*Work request*
Leaving the pictures aside, reproduce the data in full and word for word.

*Data shown*

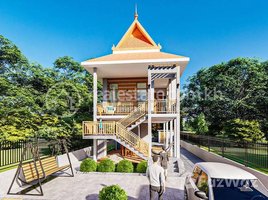 3 Bedroom House for sale at Borey Angkor Landmark Banteay Srei, Khnar Sanday, Banteay Srei, Siem Reap, Cambodia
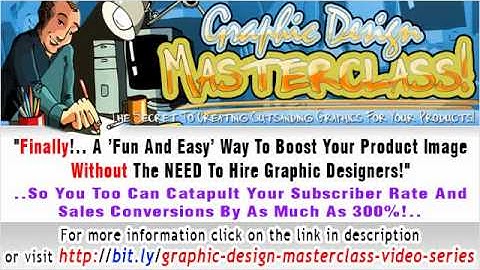 Graphic Design Masterclass video series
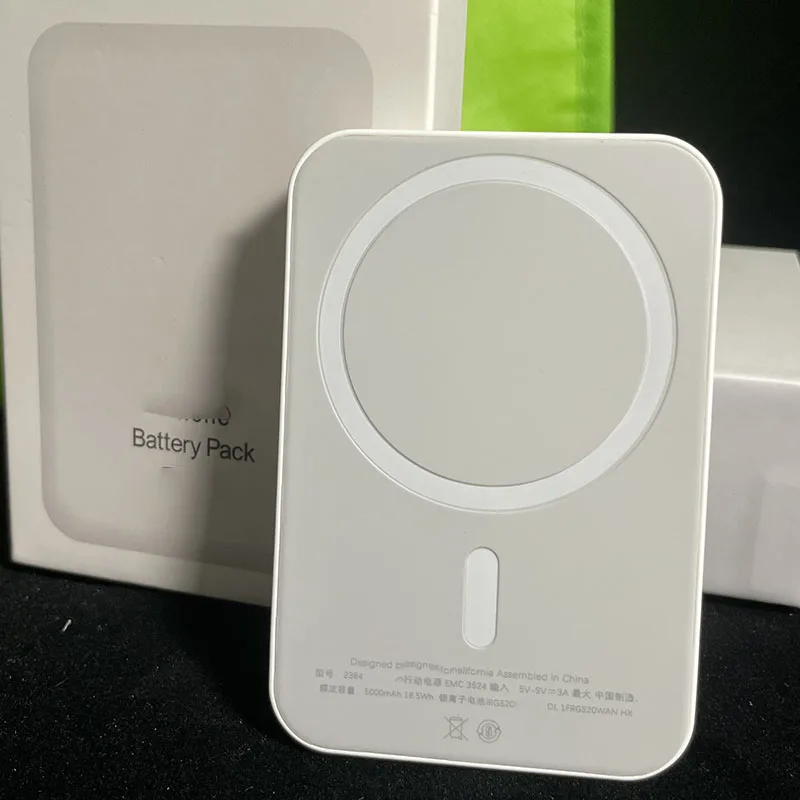Магнитное зарядное устройство для iphone 121314 Promax MAGSAFE20W быстрая зарядка мобильный телефон Apple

*Reply to the task*
 3 Bedroom House for sale at Borey Angkor Landmark Banteay Srei, Khnar Sanday, Banteay Srei, Siem Reap, Cambodia
 Graphic Design Masterclass video series
Магнитное зарядное устройство для iphone 121314 Promax MAGSAFE20W быстрая зарядка мобильный телефон Apple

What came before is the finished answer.